A set of 10×10 cm cards were produced, printed to a professional standard, laminated and checked that colour integrity matched the Vita Scale described above. Pictures were shown one at a time under ambient indoor workplace lighting and colour remained clearly differentiated. Participants were asked to rate the attractiveness of the person featured in each of the photographs using a 100 mm visual analogue scale. The negative response (i.e. extremely unattractive) was on the left hand side so that higher numbers indicated increased attractiveness when measured from the left. Data were analysed using Statistica (StatSoft®).

These studies were approved by The University of Leeds Institute of Psychological Sciences Ethics Committee in accordance with British Psychological Society guidelines. In keeping with these guidelines all participants gave their informed consent in writing prior to beginning the study. Written consent was also obtained from the models used in these studies for their photographs to be digitally manipulated for use in the study and to be used in scientific publications. The models shown in Figure 1 signed a further statement indicating their willingness for the photographs shown in that figure to be published in PLoS ONE.

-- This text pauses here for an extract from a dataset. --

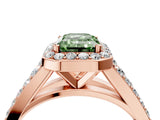 Rose gold Fancy Green Emerald Cut Diamond Split Shank Halo Ring with Four-Prong Setting_79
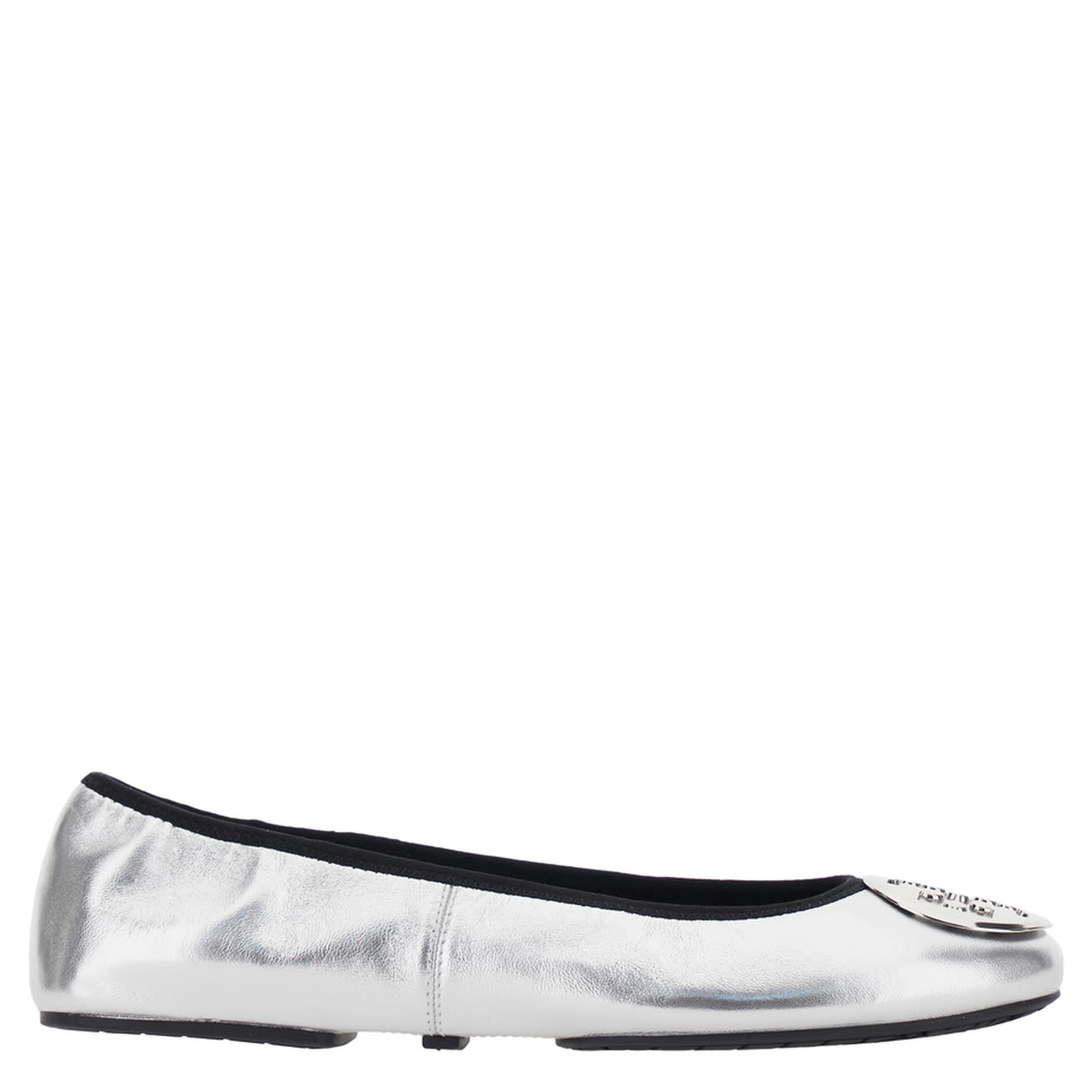 Silver Colored Ballerinas with Logo Plaque on the Front and Elasticated Design in Leather Woman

Figure 3. Effects of digital manipulations of teeth on ratings of attractiveness.

Data are expressed as mean ratings of attractiveness (± SEM) indicated on a 100 mm visual analogue scale. Higher numbers indicate greater attractiveness. Crowded, normal and wide refer to tooth spacing. Yellow, natural and white colour conditions are indicated by the dark, mid-grey and white bars respectively. M/M indicates male participants viewing male models; M/F, males viewing females; F/M, females viewing males and F/F, females rating females. Data indicate that ratings of female attractiveness are more sensitive to manipulations of tooth colour and spacing than males’ regardless of whether male or female participants were doing the rating. The most marked effects in this sex were produced by deviations from normal spacing and yellow colouration. Attractiveness was not increased by further whitening from natural colour (B1 in the Vita shade scale) in any condition * = p<0.01 from crowded teeth in the same colour condition; † = p<0.01 from widely spaced teeth in the same colour condition; • = p<0.01 from yellow teeth in the same spacing condition. See text for further details.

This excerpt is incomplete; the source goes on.